SLI (Scalable Link Interface):

  • Older technology for linking multiple GPUs
  • Limited to 2-4 GPUs
  • Lower bandwidth compared to NVLink

NVLink:

  • High-bandwidth interconnect for GPU-to-GPU communication
  • Much faster than PCIe and SLI
  • Supports up to 8 GPUs (depends on GPU model)

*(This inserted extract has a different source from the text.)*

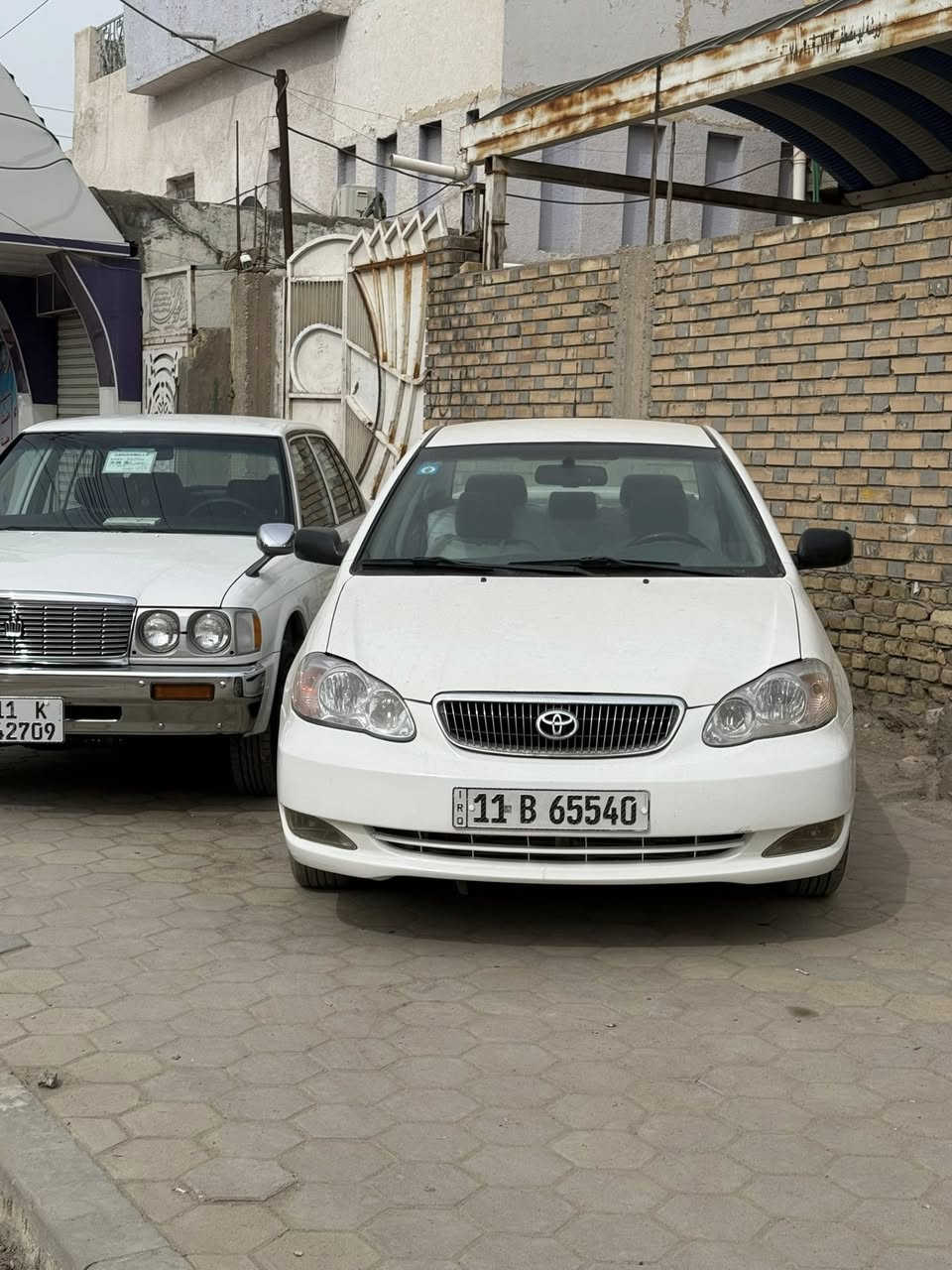 كورلا موديل 2008للبيع حجم المحرك 1800 بيه رشات صبغ اثر زلوغ ماشيه 143الف حقيقي سعر 100$ بسمي تحويل مباشر مكان ناصرية مركز رقمي ***********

Impact on LLM training vs. inference:

Training:

  • Requires high bandwidth for data transfer between GPUs
  • NVLink is preferable for multi-GPU setups
  • Higher PCIe versions beneficial for CPU-GPU data transfer

Inference:

  • Generally less demanding on inter-GPU communication
  • PCIe is often sufficient, especially for single-GPU setups
  • NVLink can still improve performance in multi-GPU inference scenarios

Maximal PCIe slot configuration of physical slots with realistic speed assignments relative to the bus lanes to the CPU and Chipset. Most consumer CPUs provide 16-24 PCIe lanes. High-end desktop (HEDT) and server CPUs can offer 40-128 lanes. PCIe lanes from the chipset provide an additional 4-24 lanes, depending on the chipset. PCIe to CPU run at PCIe 3.0: ~985 MB/s per lane, PCIe 4.0: ~1.97 GB/s per lane, PCIe 5.0: ~3.94 GB/s per lane, x16 slot running at x16 will have 16 times the bandwidth of a single lane.